Conclusiones

En este proyecto, hemos hecho una búsqueda en el genoma de Vipera berus de las selenoproteínas, de las proteínas homólogas en cisteína y de la maquinaria necesaria para su síntesis. Hemos predecido de manera automática sus genes, utilizando de referencia las proteínas de Anolis carolinensis (especie de SelenoDB más cercana filogenéticamente a Vipera berus). Además, hemos predecido elementos SECIs en la región 3'-UTR de los genes de las selenoproteínas y de las homólogas en cisteína mediante el programa SeciSearch3.

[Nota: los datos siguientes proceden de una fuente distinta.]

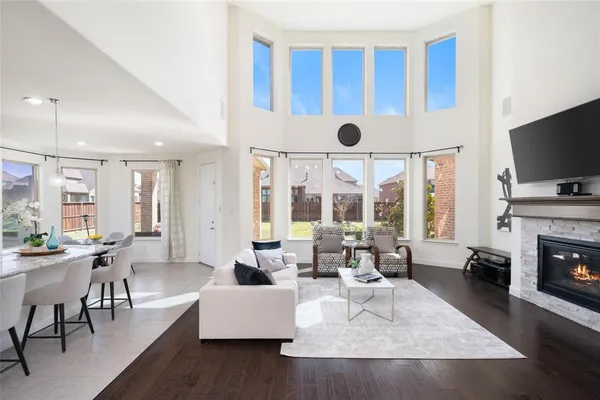 a living room with fireplace furniture and a large window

Nuestros resultados sugieren que la Vipera berus contiene las siguientes proteínas:

- Selenoproteínas: DI1 (3 parálogos), DI2, GPx, GPx2, GPx3, SelP1, SelP2, TR3, Sel15, SelH, SelI, SelN, SelR1, SeleT, SelU1, SPS.

- Homólogas en cisteína: GPx4, GPx8, SelR2, SelR3, Sel0.

- Maquinaria: SPS1 (2 parálogos), eEFsec (2 parálogos), SBP2 (2 parálogos), SecS, PSTK, Secp43.

No hemos encontrado las siguientes proteínes: TR, SelK, SelM, SelS, SelU2, SelW.

Por último, queremos remarcar las principales limitaciones de nuestros resultados. El genoma de la Vipera berus está fragmentado en diferentes contigs, lo que dificulta la predicción de selenoproteínas y no se puede asegurar que los intrones y exones esten organizados correctamente en la predicción de los genes. Además, nuestras queries de referencia son las proteínas de Anolis carolinensis y este genoma podría contener errores de anotación. Nuestro proyecto se basa en la homología entre el genoma de Anolis carolinensis y Vipera berus, sin tener en cuenta que éste último puede contener otras selenoproteínes no presentes en el genoma de la especie de referencia.